A su lado, el boticario miraba fijamente el cadáver, como hipnotizado por la brutalidad épica de la escena. Sacando su pañuelo, Locke se limpió las lentes enérgicamente y se las volvió a colocar sobre la nariz.
—Por lo que creo, la primera incisión se hizo probablemente cerca de la oreja. Después, se dibujó con la hoja la circunferencia del rostro, ejerciendo la presión justa para atravesar las capas de la epidermis. Luego, la hoja fue insertada debajo de la piel para recortarla, separándola poco a poco de los músculos subyacentes —el boticario hizo un mohín—. De forma muy parecida a cortar un pescado en filetes. Finalmente, esto le permitiría despegar y levantar la totalidad de los rasgos faciales del cráneo, probablemente de una pieza, como una máscara… —Locke hizo una pausa—. Se realizó con destreza, como podrá observar.
—¿Dónde diablos habría aprendido algo así un pastor? —preguntó Hawkwood.
El boticario parecía desconcertado.
—¿Pastor?
—Bueno, sacerdote. El reverendo Tombs, ¿no es ése su nombre?
El boticario se puso tenso. Se giró y le lanzó una mirada al guardián, levantó las cejas a modo de interrogación. El guardián se ruborizó y negó con la cabeza. El boticario apretó la mandíbula y se dio la vuelta.
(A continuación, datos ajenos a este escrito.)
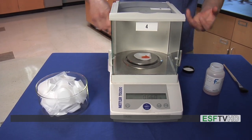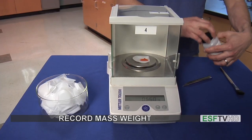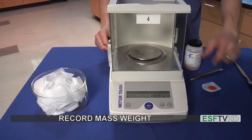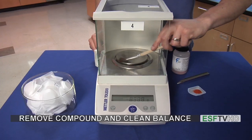Once I've gotten the right amount of material, I'm going to close my compound up, read the mass, write it down in my notebook, then I can open the door, remove the compound, and clean off the balance pan briefly.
—Me temo que ha habido un malentendido.
Hawkwood le miró.
Locke dudaba, claramente incómodo.
—¿Doctor? —pronunció Hawkwood.
El boticario respiró profundamente y contestó:
—No ha sido el sacerdote quien ha cometido este acto de barbarie.
Hawkwood volvió a mirarle.
—El reverendo Tombs no es el asesino, agente Hawkwood. No fue él quien blandió la cortante arma. No pudo haberlo hecho él —Locke señaló con la cabeza en dirección al cuerpo tumbado sobre el catre—. El reverendo Tombs fue la víctima.